What the task asks:
From the line that contains "Игумен Феодосий поблагодарил" down to the final line below, please repeat each line exactly and nothing more, with no pictures.

Source material Block Start

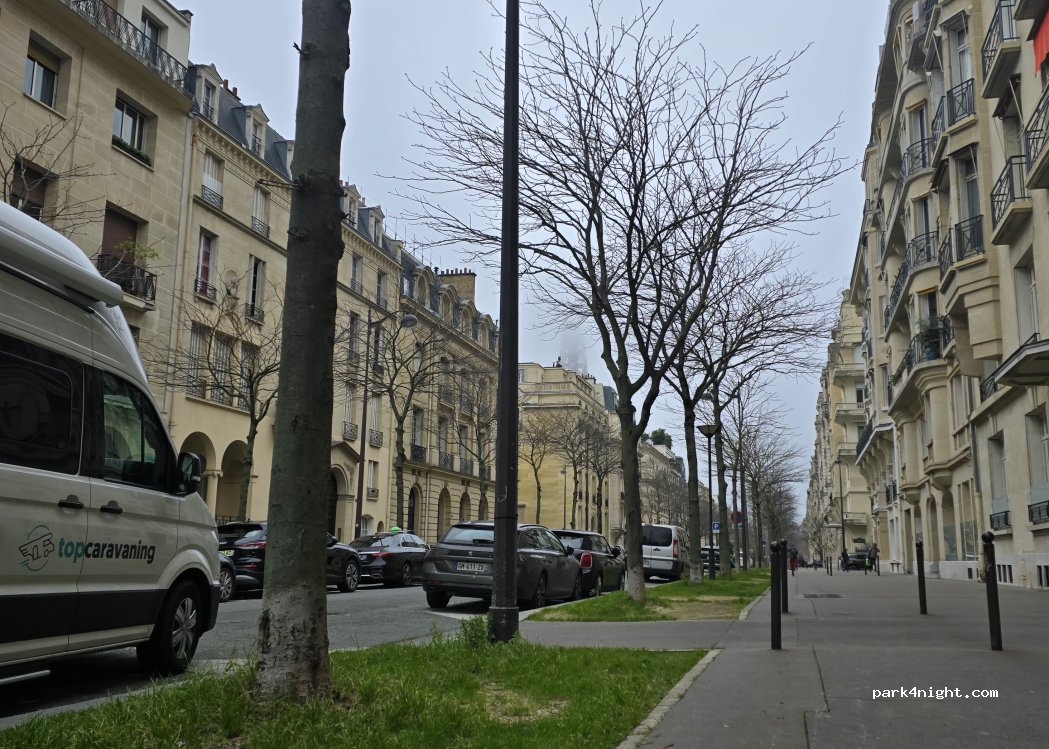 (75007) Paris - Av. Frédéric le Play — foto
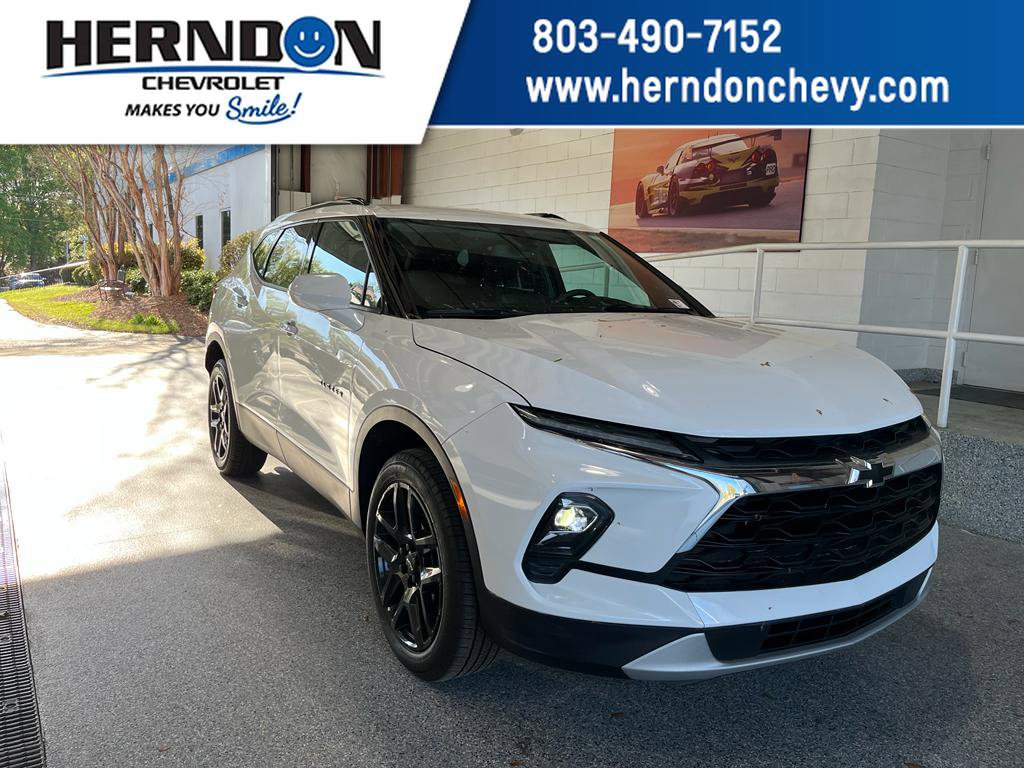 Used 2024 Chevrolet Blazer LT w/ Convenience Package image 1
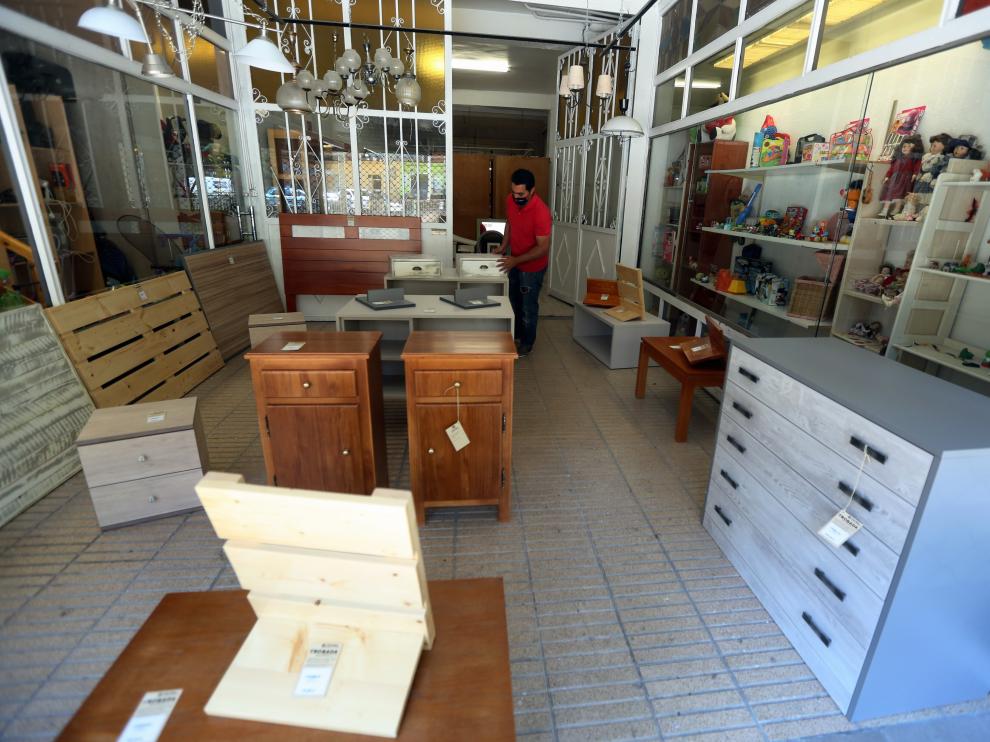 La exposición “Restaura con Corazón” en la tienda Trobada Muebles en la calle Ramón y Cajal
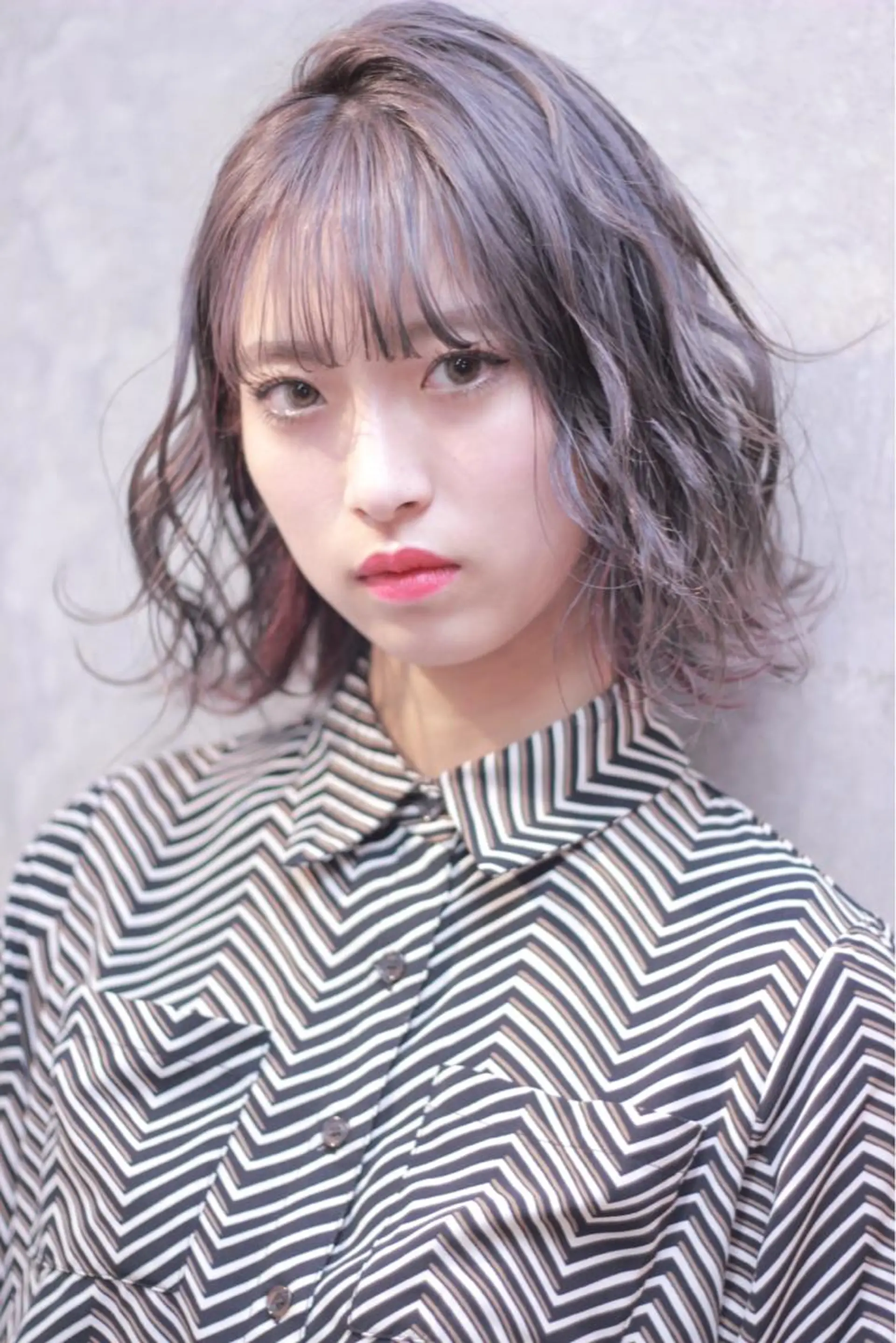 ミディアム カラー 及川 光のヘアスタイル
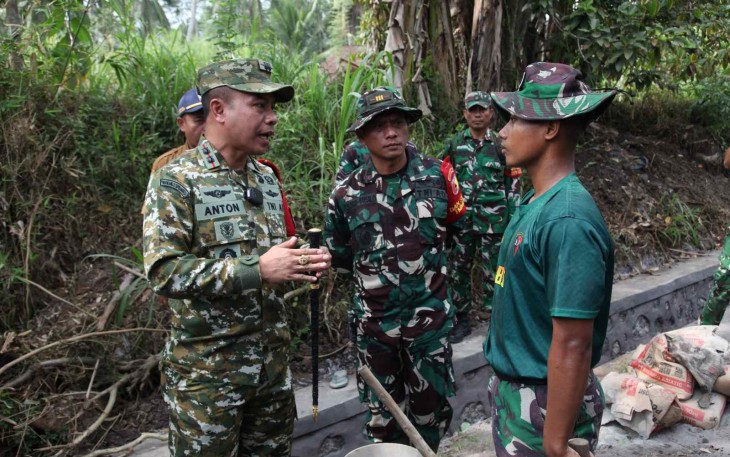 Dansatgas TMMD ke-129 Kodim 0821/Lumajang Letkol Arh Anton Subhandi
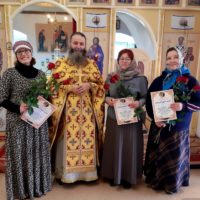 Игумен Феодосий поблагодарил учителей Ошевенской школы за активное участие в богослужебной жизни монастыря.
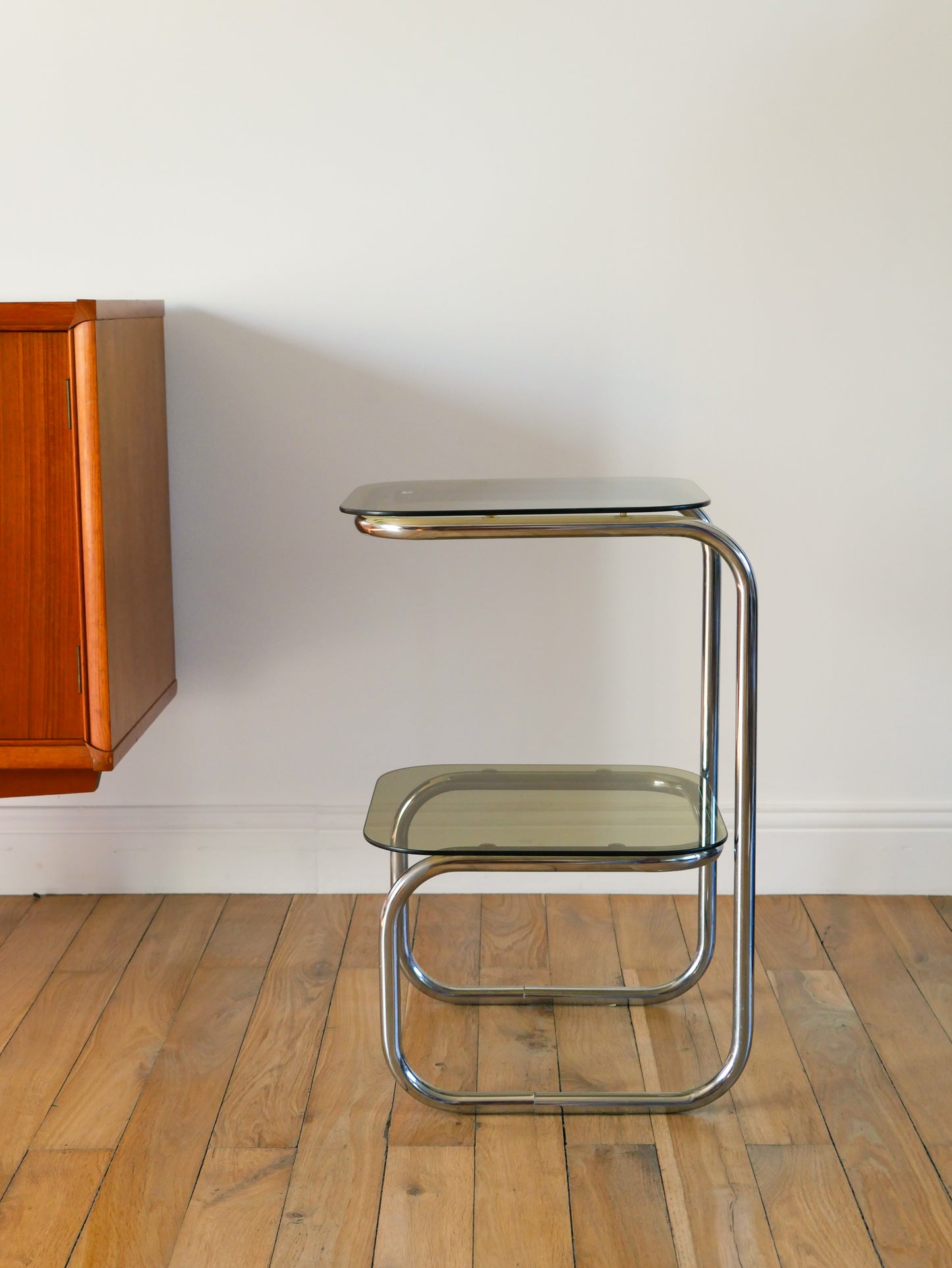 Table d'appoint tubulaire en verre fumé et chrome, double étage, Design, 1970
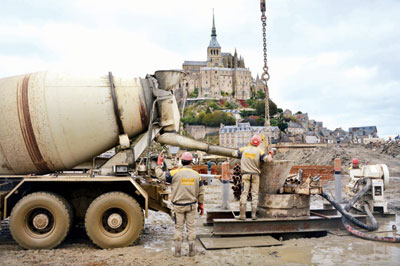 عمال يرممون جسرا جديدا في منطقة أثرية شمال باريس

Source material Block End

Response area:
 Игумен Феодосий поблагодарил учителей Ошевенской школы за активное участие в богослужебной жизни монастыря.
 Table d'appoint tubulaire en verre fumé et chrome, double étage, Design, 1970
 عمال يرممون جسرا جديدا في منطقة أثرية شمال باريس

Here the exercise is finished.